• [What to produce]:
Report every line of the records that includes the word "Cover".

Dataset records

>>>

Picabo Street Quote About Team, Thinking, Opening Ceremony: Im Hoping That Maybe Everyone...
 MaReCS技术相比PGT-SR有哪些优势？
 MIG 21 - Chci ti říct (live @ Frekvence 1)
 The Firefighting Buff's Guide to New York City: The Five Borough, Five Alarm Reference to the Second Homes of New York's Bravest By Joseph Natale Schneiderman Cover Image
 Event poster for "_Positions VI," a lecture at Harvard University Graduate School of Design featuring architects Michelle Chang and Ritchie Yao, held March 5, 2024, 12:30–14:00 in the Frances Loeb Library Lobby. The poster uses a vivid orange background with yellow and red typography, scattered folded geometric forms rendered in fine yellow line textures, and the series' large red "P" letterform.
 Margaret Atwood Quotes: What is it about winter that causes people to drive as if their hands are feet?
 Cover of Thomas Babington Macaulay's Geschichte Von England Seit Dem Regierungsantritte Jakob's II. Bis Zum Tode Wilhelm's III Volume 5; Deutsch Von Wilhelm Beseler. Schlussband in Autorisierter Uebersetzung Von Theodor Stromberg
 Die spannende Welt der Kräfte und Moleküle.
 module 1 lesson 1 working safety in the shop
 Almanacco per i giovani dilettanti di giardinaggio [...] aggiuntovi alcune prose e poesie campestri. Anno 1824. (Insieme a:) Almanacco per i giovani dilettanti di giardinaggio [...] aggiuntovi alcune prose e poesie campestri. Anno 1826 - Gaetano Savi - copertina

<<<

• [Task solution]:
 The Firefighting Buff's Guide to New York City: The Five Borough, Five Alarm Reference to the Second Homes of New York's Bravest By Joseph Natale Schneiderman Cover Image
 Cover of Thomas Babington Macaulay's Geschichte Von England Seit Dem Regierungsantritte Jakob's II. Bis Zum Tode Wilhelm's III Volume 5; Deutsch Von Wilhelm Beseler. Schlussband in Autorisierter Uebersetzung Von Theodor Stromberg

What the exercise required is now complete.